→ **PROBLEM DESCRIPTION**: In the entries below, the lines from the one with "6PCS Outdoor Magic" through the one with "Par De Bafles" are to be copied exactly; both ends count.

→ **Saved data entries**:
▽

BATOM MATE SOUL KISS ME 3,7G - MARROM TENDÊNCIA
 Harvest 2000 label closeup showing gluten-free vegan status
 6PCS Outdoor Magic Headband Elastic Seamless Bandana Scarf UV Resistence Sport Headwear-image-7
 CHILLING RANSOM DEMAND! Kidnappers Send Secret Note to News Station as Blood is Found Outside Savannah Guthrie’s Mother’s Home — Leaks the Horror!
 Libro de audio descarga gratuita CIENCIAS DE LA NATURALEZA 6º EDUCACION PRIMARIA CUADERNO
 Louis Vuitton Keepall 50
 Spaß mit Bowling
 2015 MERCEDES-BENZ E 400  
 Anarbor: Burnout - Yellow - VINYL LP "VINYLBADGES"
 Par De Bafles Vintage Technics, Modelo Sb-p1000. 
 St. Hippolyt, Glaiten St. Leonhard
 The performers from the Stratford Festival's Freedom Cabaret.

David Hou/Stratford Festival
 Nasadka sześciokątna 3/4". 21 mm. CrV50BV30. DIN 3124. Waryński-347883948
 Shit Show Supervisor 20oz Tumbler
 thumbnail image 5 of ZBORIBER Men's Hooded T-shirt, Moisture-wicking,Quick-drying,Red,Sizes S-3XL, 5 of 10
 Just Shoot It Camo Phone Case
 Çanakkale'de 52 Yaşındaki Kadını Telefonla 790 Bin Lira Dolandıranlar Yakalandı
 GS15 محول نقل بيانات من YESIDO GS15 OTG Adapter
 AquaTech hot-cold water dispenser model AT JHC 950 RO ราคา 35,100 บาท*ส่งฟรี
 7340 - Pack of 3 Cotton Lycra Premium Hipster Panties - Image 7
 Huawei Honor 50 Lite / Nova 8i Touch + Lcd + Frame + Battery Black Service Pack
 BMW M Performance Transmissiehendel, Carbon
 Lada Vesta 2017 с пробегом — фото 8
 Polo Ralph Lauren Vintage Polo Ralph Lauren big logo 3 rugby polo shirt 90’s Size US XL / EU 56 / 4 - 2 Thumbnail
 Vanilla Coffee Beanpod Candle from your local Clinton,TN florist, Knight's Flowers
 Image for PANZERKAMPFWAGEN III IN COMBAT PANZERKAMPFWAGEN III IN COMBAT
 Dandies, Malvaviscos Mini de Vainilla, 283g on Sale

△

→ **TASK ANSWER**:
 6PCS Outdoor Magic Headband Elastic Seamless Bandana Scarf UV Resistence Sport Headwear-image-7
 CHILLING RANSOM DEMAND! Kidnappers Send Secret Note to News Station as Blood is Found Outside Savannah Guthrie’s Mother’s Home — Leaks the Horror!
 Libro de audio descarga gratuita CIENCIAS DE LA NATURALEZA 6º EDUCACION PRIMARIA CUADERNO
 Louis Vuitton Keepall 50
 Spaß mit Bowling
 2015 MERCEDES-BENZ E 400  
 Anarbor: Burnout - Yellow - VINYL LP "VINYLBADGES"
 Par De Bafles Vintage Technics, Modelo Sb-p1000. 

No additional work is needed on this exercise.